> [WORK ORDER]:
Nothing but the lines from the one containing "OYE KUDIYE High" to the end of the data should be copied, exactly, and the pictures stay out.

> [SUPPLIED MATERIAL]:
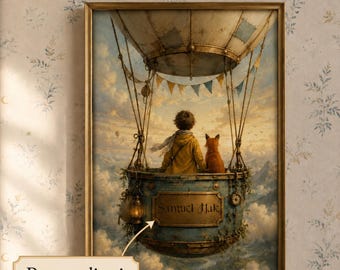 Personalized Boy and Fox Nursery Wall Art, Hot Air Balloon Adventure Print, Vintage Storybook Poster, Custom Name Kids Room Decor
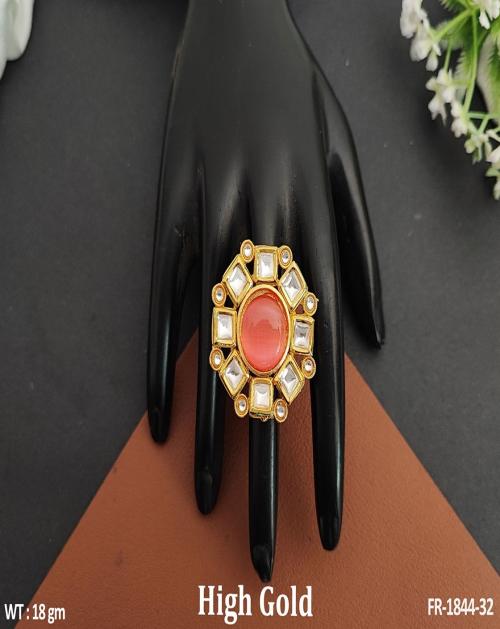 OYE KUDIYE High Gold Polish Fancy Design Party wear beautiful Kundan Stones Kundan Finger Ring Dark Pink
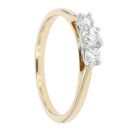 9ct Yellow Gold Certificated Diamond Trilogy Ring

> [RESPONSE AREA]:
 OYE KUDIYE High Gold Polish Fancy Design Party wear beautiful Kundan Stones Kundan Finger Ring Dark Pink
 9ct Yellow Gold Certificated Diamond Trilogy Ring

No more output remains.